What the exercise asks:
Leave the pictures out and reproduce, exactly, the lines from the one with "8802 Mckenzie Farm" through the end of the entries below.

Available data below:

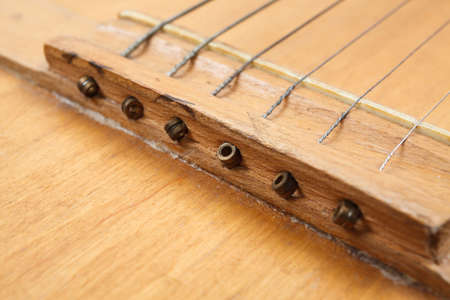 Acoustic guitar resting on color background with copy space. Modern concept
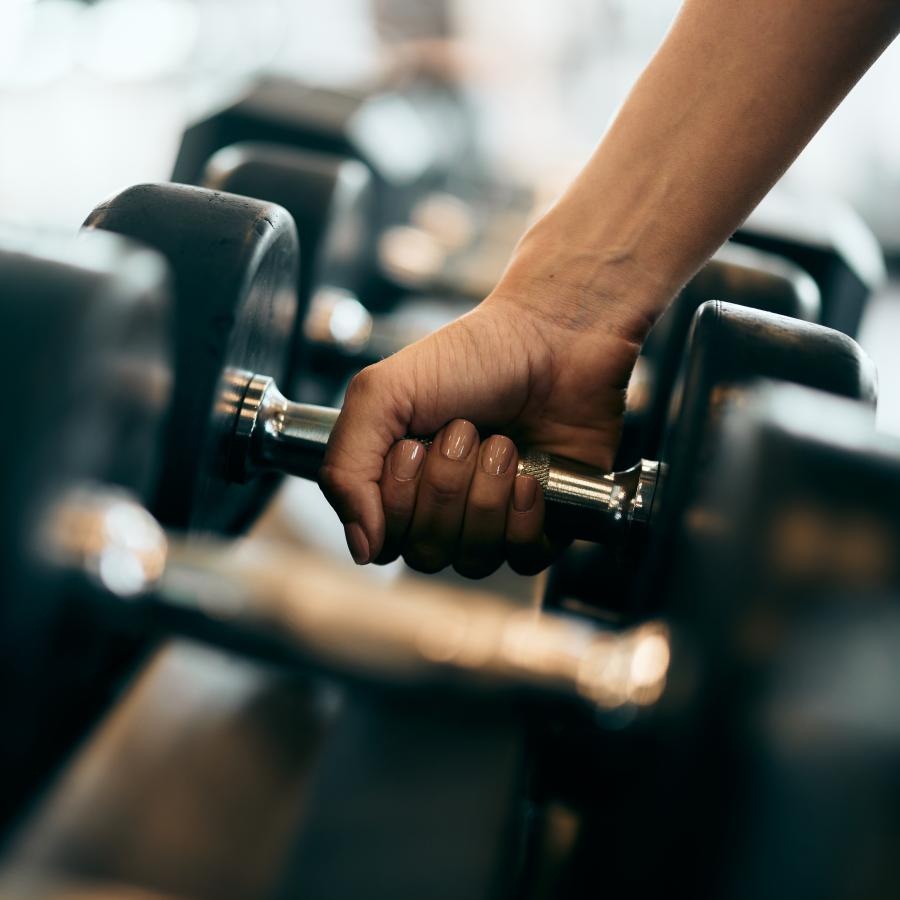 a person picking up a dumbell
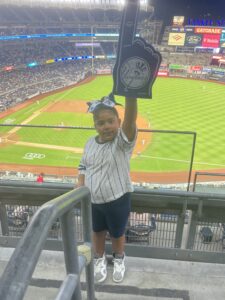 a little girl, who won a NYPL writing contest, standing in the bleachers of a baseball stadium holding a Yankees sign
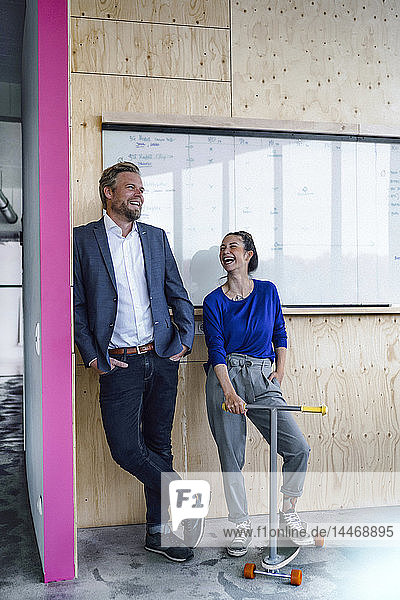 Mature man and his assistent with scooter  standing in office in front of white board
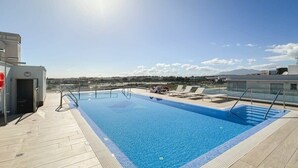 A rooftop swimming pool with clear blue water, a wooden deck, and a view of the cityscape in the background.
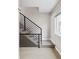 Modern staircase features neutral-colored carpet and a black metal railing for a sleek design at 4485 Tennyson St # 5, Denver, CO 80212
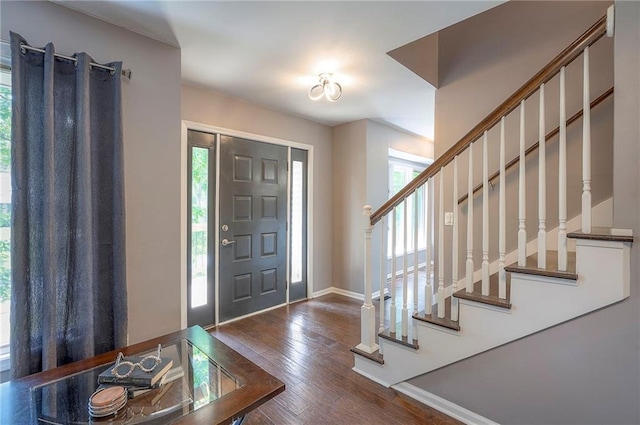 21614 W 72nd St, Shawnee, KS 66218 - foyer entrance with healthy amount of natural light, hardwood / wood-style flooring, baseboards, and stairway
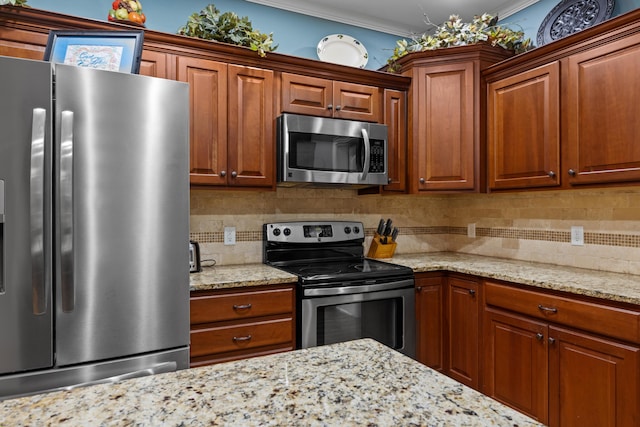 8802 Mckenzie Farm Dr, Ooltewah, TN 37363 - kitchen featuring stainless steel appliances, decorative backsplash, ornamental molding, light stone counters, and brown cabinets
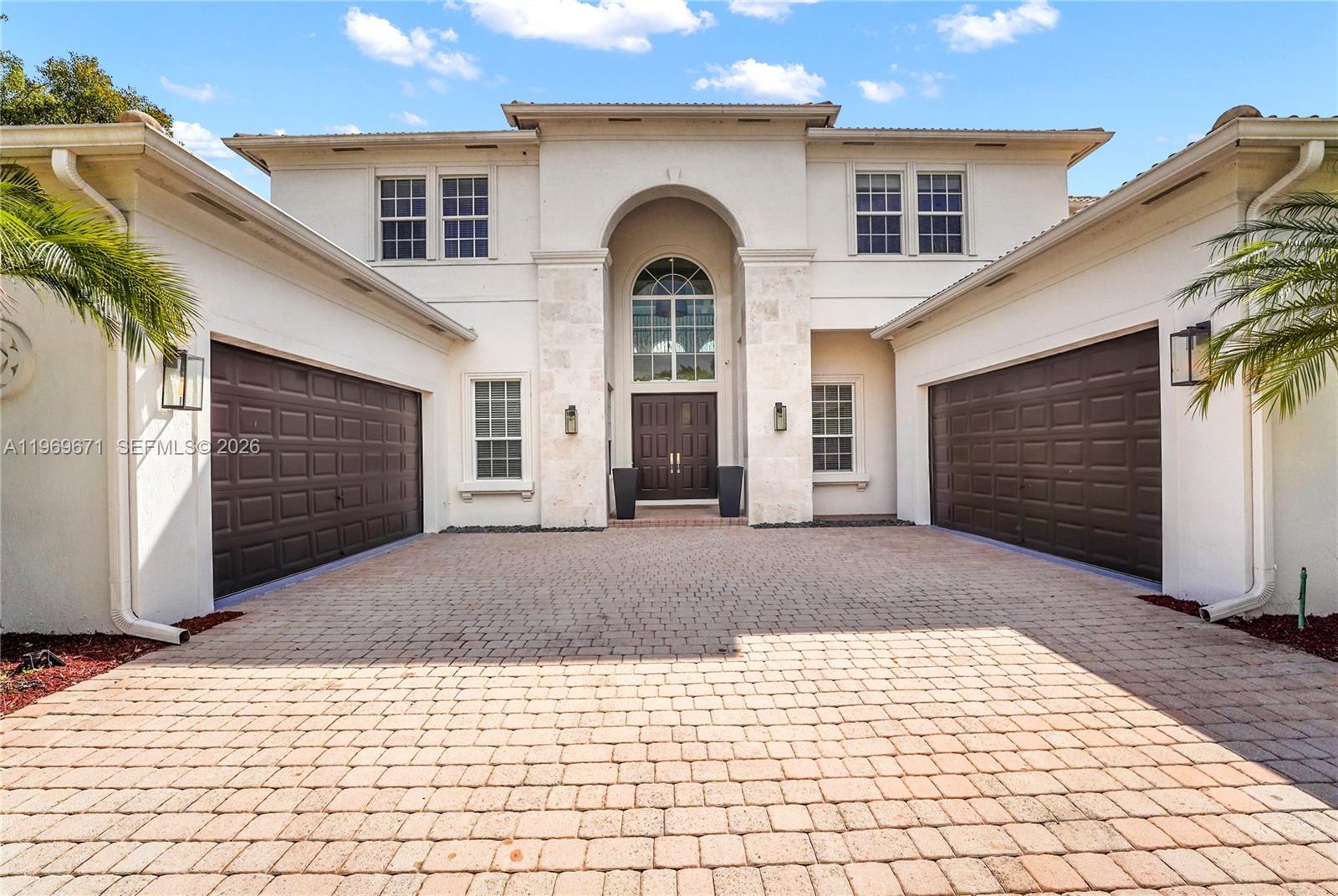 A two-story house with a paved driveway, two garage doors, and a central arched entryway — 12486 World Cup Ln, Wellington FL 33414, WELLINGTON, FL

End of Available data.

Exercise response:
 8802 Mckenzie Farm Dr, Ooltewah, TN 37363 - kitchen featuring stainless steel appliances, decorative backsplash, ornamental molding, light stone counters, and brown cabinets
 A two-story house with a paved driveway, two garage doors, and a central arched entryway — 12486 World Cup Ln, Wellington FL 33414, WELLINGTON, FL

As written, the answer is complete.